Bolivian law requires members of the security forces to provide investigators from the office of the Human Rights Ombudsman with unlimited access to their bases and facilities, and to provide formal responses to inquiries made by the Ombudsman’s office.13 But police and military forces sometimes refuse access to their facilities and either fail to comply with requests for written reports or defer the requests to the high command, which typically provides only pro forma responses.14 The State Department’s own 2003 country report notes that “NGOs and the Ombudsman complained that occasionally government security forces and ministries refused to cooperate when NGOs or the Ombudsman conducted investigations.”15 Recent examples of lack of cooperation include the failure of Lt. Col. Dario Leigue, Military Joint Task Force Commander, to respond to a written request for information regarding the November 2003 burning of 25 homes of coca growers in the Isiboro Secure Park in the Chapare region,16 although required by law to do so within ten days. Also, on December 11, 2003, security officers impeded Ombudsman officials from entering the Chimore base to investigate the condition of detainees within the facility.17 Staff at the Chimore Center for Justice (which is not an independent office, as described as the April 22 report, but part of the Vice Ministry of Justice) noted that when they do receive reports requested from the military, the answers are misleading and inaccurate.18
D. Military Jurisdiction
- Under the new Constitution, laws regarding the military’s jurisdiction over its own personnel in human rights cases remain unclear and conflicting” (page 4).
The constitutional and legal issues were already fairly clear before the April 22 report was submitted, and have been further clarified since.

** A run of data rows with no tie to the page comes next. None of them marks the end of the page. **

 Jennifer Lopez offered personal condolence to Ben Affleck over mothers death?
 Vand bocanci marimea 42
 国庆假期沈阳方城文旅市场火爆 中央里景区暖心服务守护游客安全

The April report omits mention of the key section of article 48 of Bolivia’s new Code of Criminal Procedures (CCP), which states that “If there is doubt about the appropriate jurisdiction, as a result of concurrence or connection between special and civilian jurisdictions, the crimes should be addressed by the civilian jurisdiction. Civilians can never be submitted to military jurisdiction….” The new Code, an initiative funded and promoted by USAID, also states that any contradicting legal norms from special laws (which include military legislation) are abolished.19 The Constitutional Tribunal’s May 7, 2004 ruling stipulated that military personnel accused in the February 2003 case must be tried in the civilian jurisdiction, clarifying any potential confusion about which jurisdiction should hear these cases.
Trials in Bolivian military tribunals do not represent “effective measures to bring the responsible members of the security forces unit to justice,” as stipulated by the Leahy Amendment.20 Military tribunals are also inappropriate in the context of the international conventions ratified by Bolivia.21
- “The Bolivian military has said that it will respect a constitutional court ruling or congressional legislation that resolves the issue” (page 4).

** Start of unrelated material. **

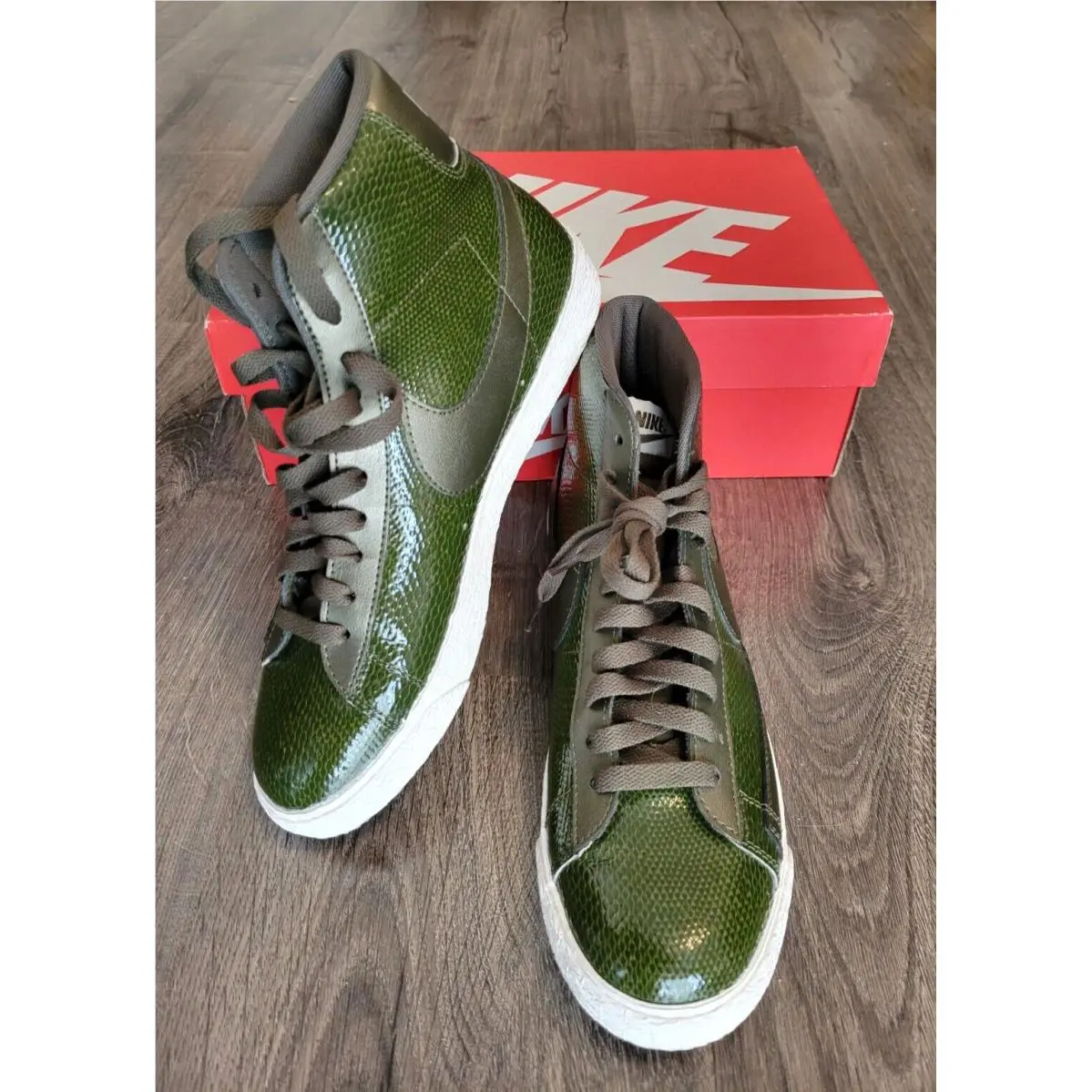 Nike Blazer Mid Snake Skin Green Shoe 685225-300 US Women`s Size 9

The State Department’s assurances that the military would respect a constitutional court ruling were squarely contradicted by subsequent events. Only weeks after the State Department submitted its report to Congress, the Bolivian Constitutional Tribunal ruled on May 7, 2004, in an unappealable verdict, that four military officers accused of homicide for killing an unarmed nurse and another civilian on February 13, 2003, must be tried within the civilian court system, and cited Constitutional guarantees and other legal norms to justify their decision.22 The armed forces responded to the high court’s ruling by immediately ordering its forces confined to barracks for a 12-hour period. The day of the ruling, military leaders—dressed in battle fatigues—arrived at a meeting with the president and later met with the media to denounce the court’s decision and declare their refusal to abide by the ruling. The commander of the armed forces launched a series of veiled threats. He stated that the ruling was a “grave historic error” and warned the members of the judiciary of the “gravity of the consequences” that could leave the country “unarmed” in social conflicts.23 The military’s explicit rejection of the Constitutional Tribunal’s ruling underscores their ongoing lack of cooperation with civilian legal investigations.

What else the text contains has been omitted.